7 False Beliefs That Are Holding You Back in Life

Are you carrying self-limiting beliefs that are preventing you from living a great life?

Consider these seemingly benign statements that we say to ourselves on a daily basis:

  • “I can’t tell the truth because I may get judged…”
  • “I don’t want to get close to this person lest my heart gets broken…”
  • “I don’t want to ask for what I want because, what if I get rejected?”
  • “I can’t trust people because I’ve been betrayed before…”
  • “I can’t pursue my dreams because I don’t know what I’d do if I fail…”
  • “I can’t do X because of Y…”

Can you spot the self-limiting thoughts behind these statements? Here are seven false beliefs that hold many from living a great life.

False Belief #1: “I can’t be my real self or I’ll be judged.”

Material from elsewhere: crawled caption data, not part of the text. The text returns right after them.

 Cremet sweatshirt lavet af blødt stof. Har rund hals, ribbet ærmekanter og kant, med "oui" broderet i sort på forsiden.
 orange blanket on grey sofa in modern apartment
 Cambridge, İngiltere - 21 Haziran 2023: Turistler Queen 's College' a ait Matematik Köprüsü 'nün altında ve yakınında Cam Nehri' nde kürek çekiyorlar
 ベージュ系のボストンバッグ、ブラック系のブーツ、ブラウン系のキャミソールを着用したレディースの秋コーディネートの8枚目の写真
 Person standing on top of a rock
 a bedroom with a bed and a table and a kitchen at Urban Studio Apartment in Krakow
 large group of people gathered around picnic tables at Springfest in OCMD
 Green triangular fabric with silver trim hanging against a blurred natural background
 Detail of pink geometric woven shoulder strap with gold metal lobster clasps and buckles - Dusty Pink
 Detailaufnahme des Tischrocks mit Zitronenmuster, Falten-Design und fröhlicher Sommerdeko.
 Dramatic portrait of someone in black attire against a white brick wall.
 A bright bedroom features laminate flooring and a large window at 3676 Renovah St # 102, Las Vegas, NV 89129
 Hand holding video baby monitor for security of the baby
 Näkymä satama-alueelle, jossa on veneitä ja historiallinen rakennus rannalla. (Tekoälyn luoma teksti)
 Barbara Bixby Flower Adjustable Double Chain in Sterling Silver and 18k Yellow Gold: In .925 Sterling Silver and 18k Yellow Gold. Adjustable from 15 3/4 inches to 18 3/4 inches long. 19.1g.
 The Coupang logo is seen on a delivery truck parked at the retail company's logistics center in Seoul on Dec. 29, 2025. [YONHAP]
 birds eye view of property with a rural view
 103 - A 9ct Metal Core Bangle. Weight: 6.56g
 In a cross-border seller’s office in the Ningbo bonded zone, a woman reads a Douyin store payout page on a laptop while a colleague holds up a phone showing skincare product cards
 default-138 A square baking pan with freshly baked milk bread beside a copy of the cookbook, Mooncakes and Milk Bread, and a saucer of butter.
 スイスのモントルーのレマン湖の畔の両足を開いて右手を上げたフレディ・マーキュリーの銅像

I often watch videos of Oprah, Ellen DeGeneres, and other successful people on YouTube because I get to learn more about them and absorb their wisdom. I’ve noticed that no matter who the person is or how inspiring he/she may be, there’ll always be detractors trying to tear him/her down.

For example, with Oprah’s videos, I usually see detractors calling her “a fat hag,” “an overweight, money-grubbing whore,” and “a black racist.” Detractors of Ellen usually describe her as a “homo,” a “disgusting gay,” and an “evil lesbian who violates Jesus’ teachings, destroys the sanctity of marriage, and is going to hell.”

Seeing such comments helps me to realize that people are always going to judge, no matter how great of a person you are. You can never please everyone because everyone is different with his/her own set of opinions. Since everyone is different, why bother trying to please people? You are better off being yourself and owning your real self!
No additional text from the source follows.